Reginald Fairfax Wells

Words by:
William Gregory MRICS, Golding Young and Mawer Auctioneers
Featured in:
February 2015

A collection of over 40 pieces of pottery by Reginald Fairfax Wells sold for £4,000 at auction in Lincoln recently.
The sale at Golding Young & Mawer highlighted the life and work of the talented sculptor, who is considered to be one of the first truly independent studio potters.

Reginald Fairfax Wells was born in Rio de Janeiro, Brazil in 1877. In the 1890s he studied at the South Kensington School of Art, part of the Royal Collage of Art, and specialised in studio pottery at Camberwell School of Arts and Crafts. By 1910 Wells was producing studio style pottery and stonewares from Wrotham in Kent, where there had been potteries since the seventeenth century.

Wells’s interest lay in English slipwares and Chinese stonewares. At twenty-three, he set up his own art pottery nearby at Coldrum and around 1909 he moved Coldrum Pottery to Chelsea, where he continued until the outbreak of the First World War.

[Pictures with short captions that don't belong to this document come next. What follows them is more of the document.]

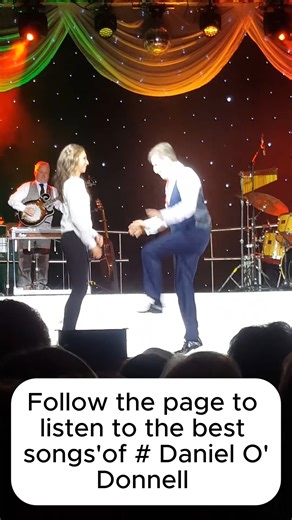 BREAKING — DANIEL O’DONNELL SHOCKS THE CROWD WITH AN UNEXPECTED DANCE — SMILES, LAUGHTER, AND A MOMENT OF PURE DELIGHT 👉Watch Here: https://music.oldiesmusichits.us/daniel-odonnell-mary-duff-old-fashioned-dance-shoe-the-donkey-hornpipe-boys-of-bluehill/ | Country Music Legend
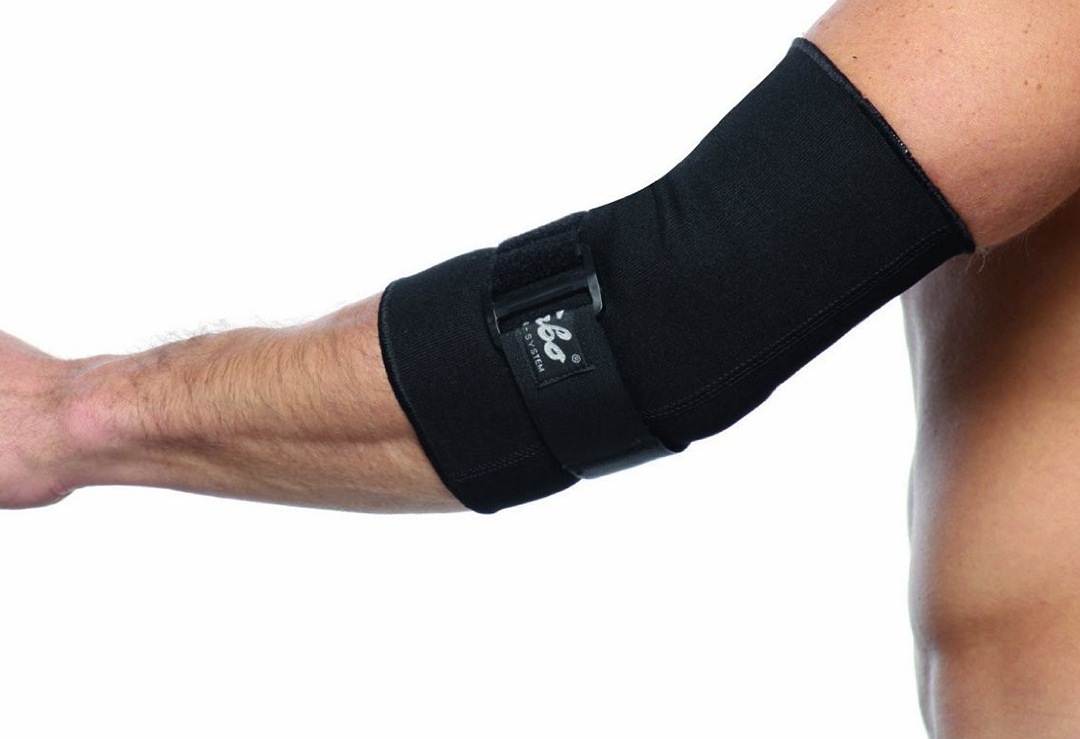 La benda per gomito Turbo Med iuta a prevenire i movimenti più estremi della giuntura del gomito soprattutto quando si ha lartrite, e lo mantiene stabile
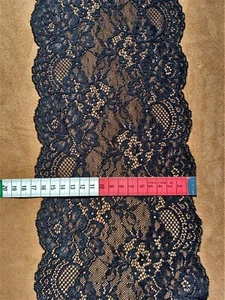 Elastische Spitze 1m schwarz Meterware Spitzenborte mit Bogenabschluss 17cm - Bild 1 von 1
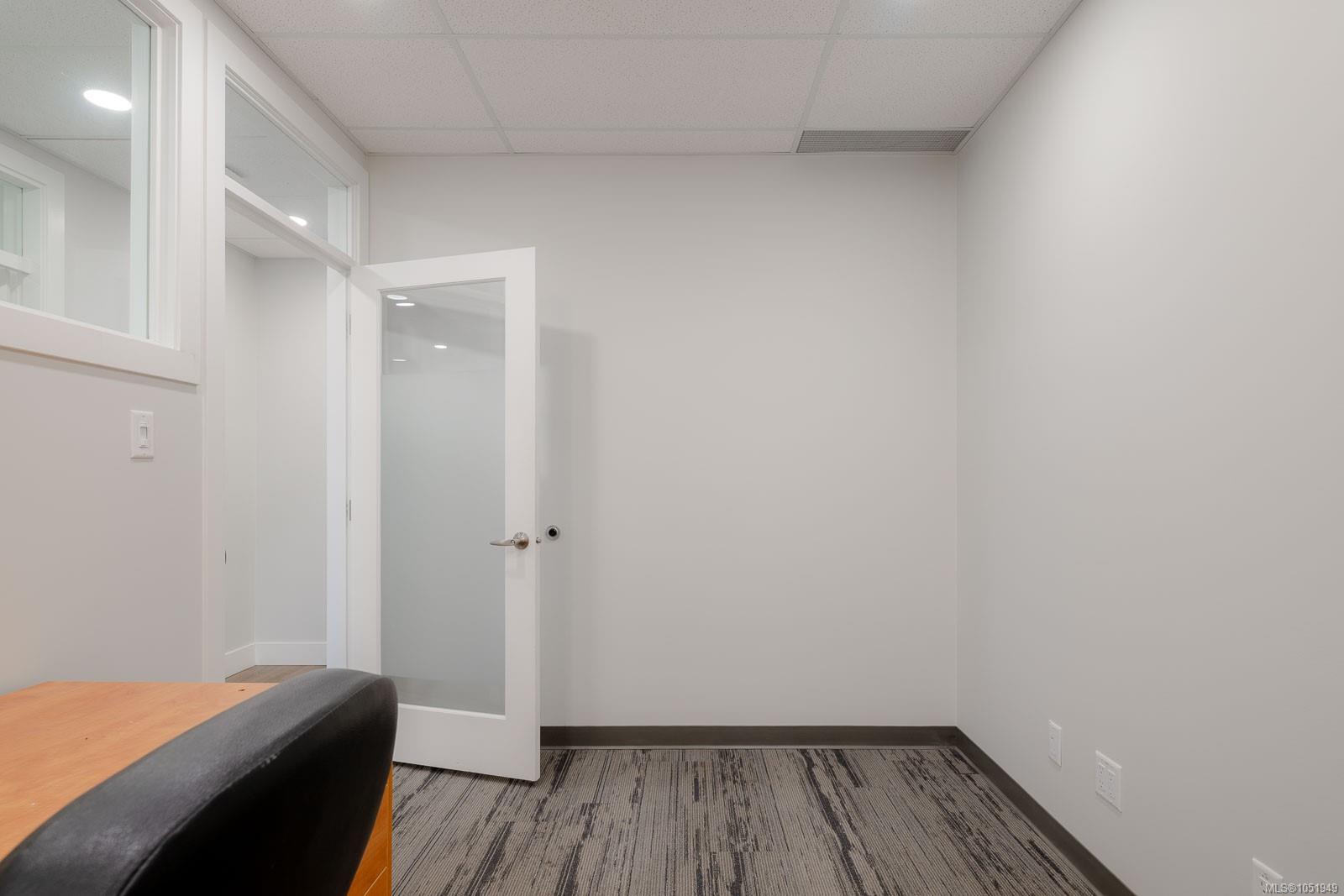 1A-5140 Metral Dr — listing photo 14 of 41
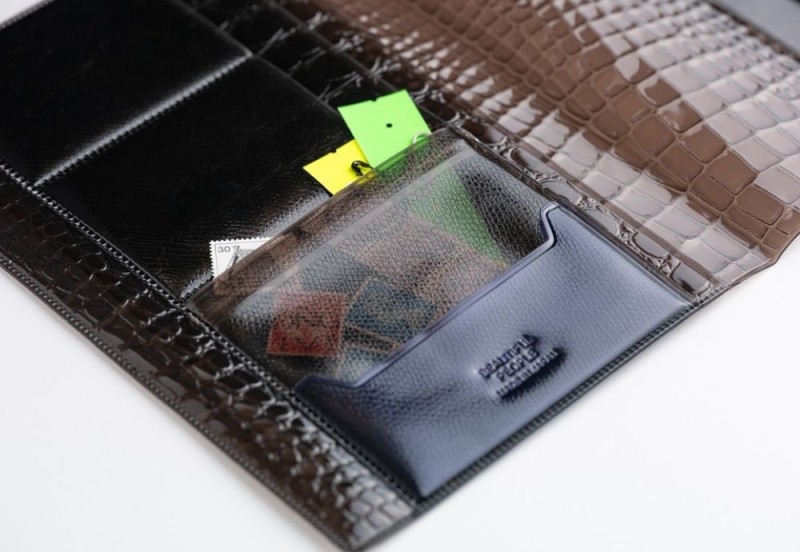 Hobonichi Techo Cousin A5 Cover: beautiful people: Nothing to Hide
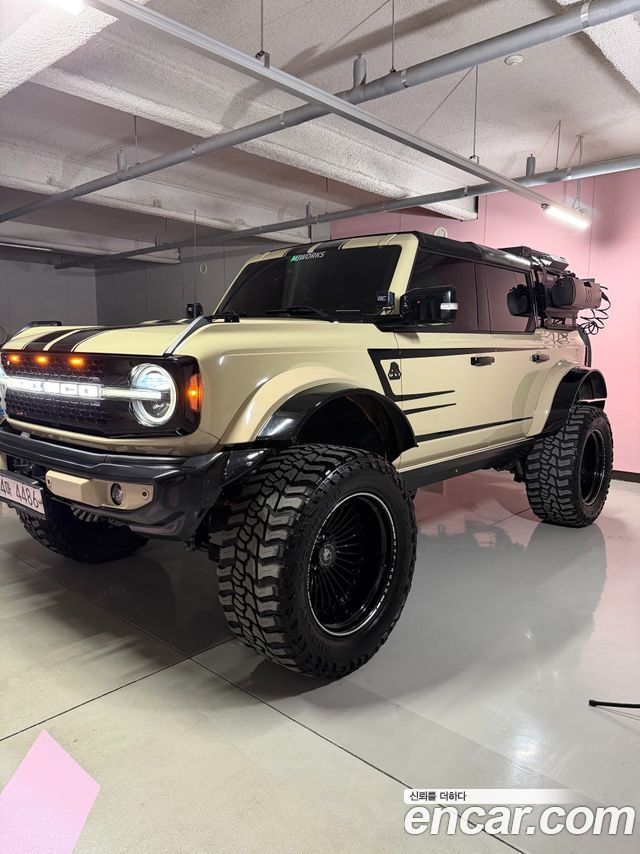 Ford Bronco 2022 — photo 2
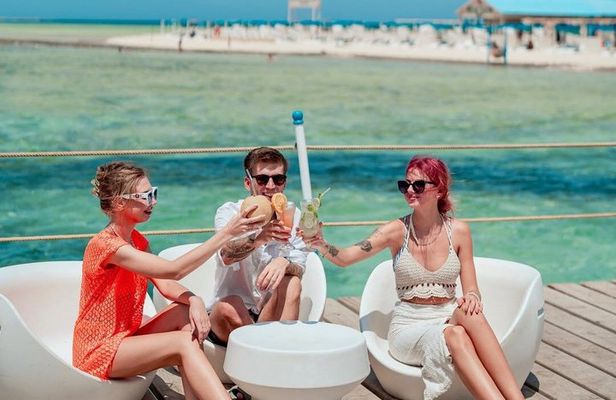 VIP Bianca Island and Utopia Snorkeling Boat Trip with Lunch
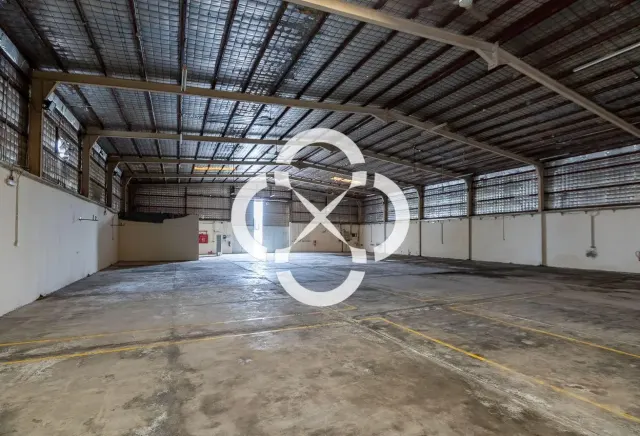 Spacious Warehouse with Cold Storage and Offices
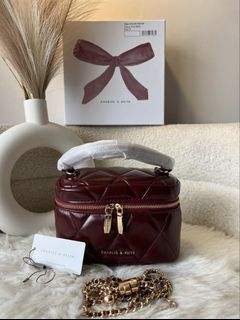 (Category: ) located in . Submitted by preloved.closet2 (Listing ID 1465378321, Image 1). Description: .
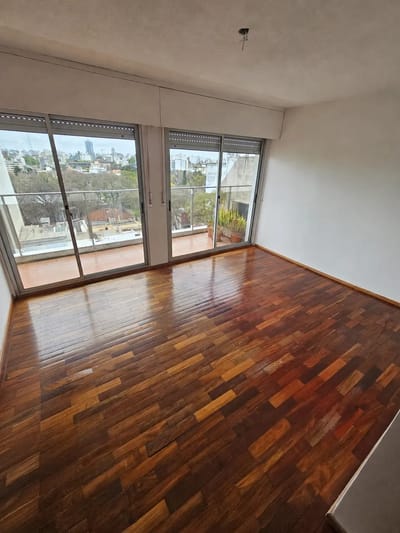 Alquiler apto Parque Rodo, 3 dorm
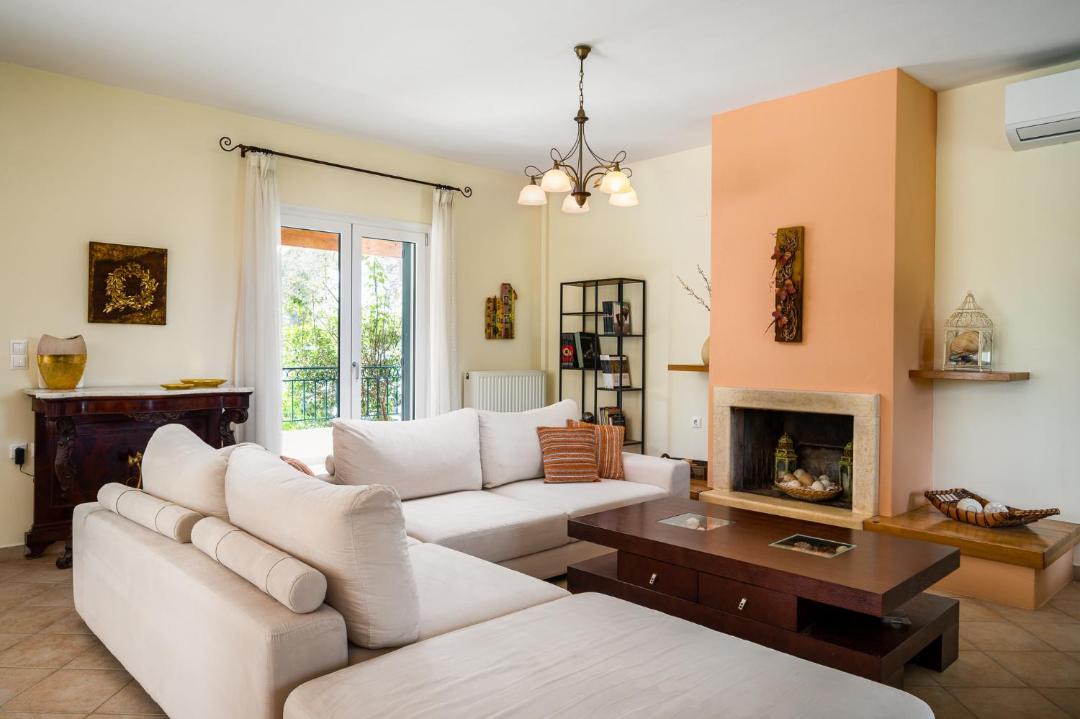 Photo of Livingroom in Melikia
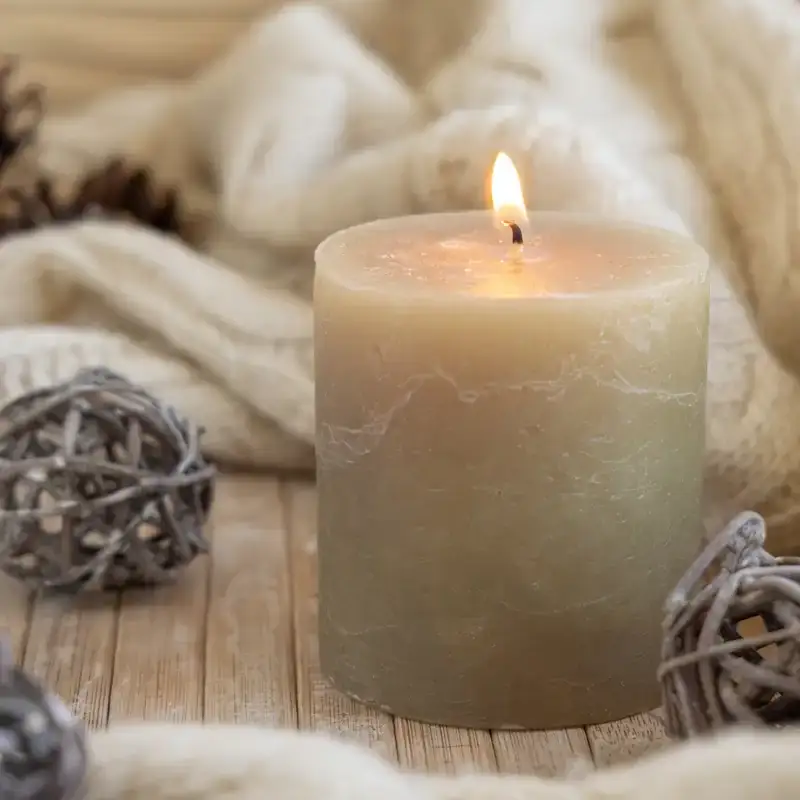 Candela accesa in stile minimalismo caldo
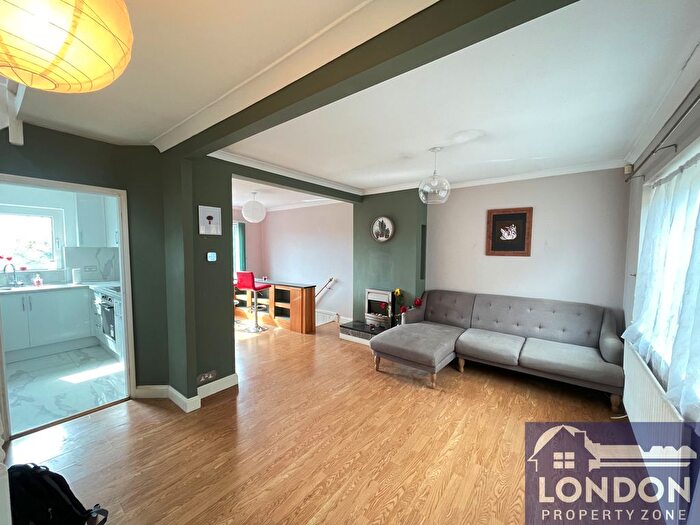 3 Bedroom Semi-Detached House To Rent In Longhill Avenue, Chatham, ME5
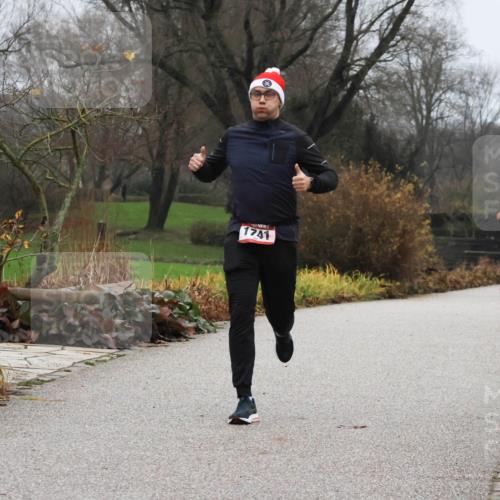 08.12.2024 - St. Pauli X-Mass-Run No. 14 Strokosch-Dieckow http://msf.ph/oto/7501273 08.12.2024 09:47:35 Laufen 1741, 384 meine-sportfotos.de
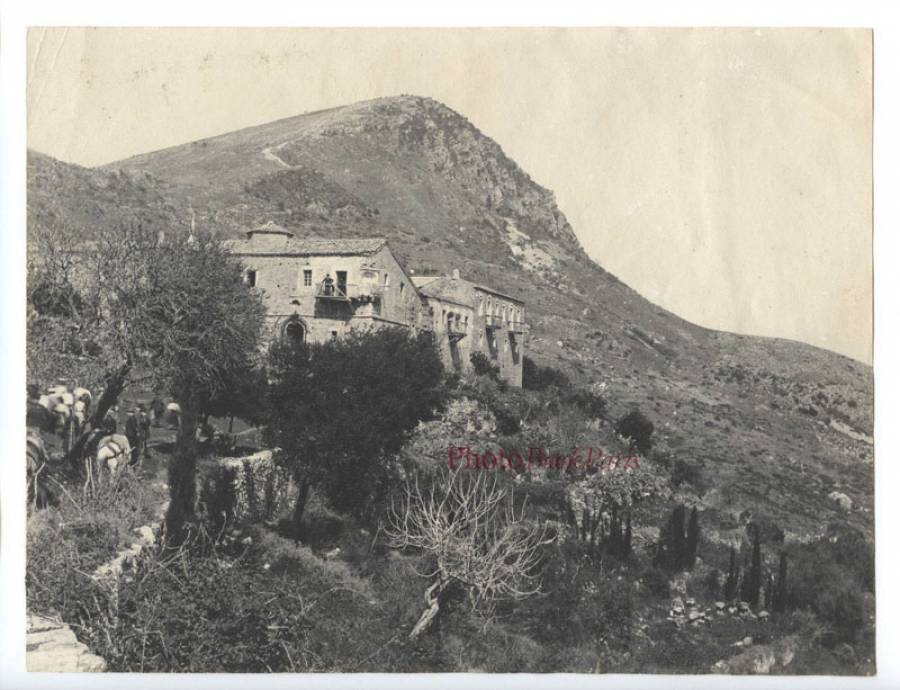 που χρονολογούνται στις αρχές των τριάντα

During the war, Wells set up the Wells Aviation Company, producing aircraft for the First World War. Afterwards he moved his pottery to the Kings Road, renaming it the London Pottery Company. At this time he changed the mark from Coldrum to Soon.

He moved to Storrington in Sussex in 1925 to expand production. It was from this era that the collection which was auctioned was dated from. The works showed great technique and development, which appeals to collectors and attracted a lot of bidders to the auction.

During the 1920s and ’30s, he turned his hand to architecture and went on to purchase fifty acres of Sussex heathland to build 200 ‘Wells Cottages’, an idealistic design of thatched buildings within the tradition of romantic country life, distinctive for their use of local materials.

At the auction held in December last year, over forty pieces of Wells pottery went under the hammer. The highest price achieved was for a stoneware glazed terracotta figure group, which sold for £550 against an estimate of £200 to £300.

A mottled blue, high fired glazed two-handled slab vase made £360, well over its £120 to £150 estimate, whilst a blue and brown mottled glazed stoneware vase with an estimate of £100 to £200 sold for £260.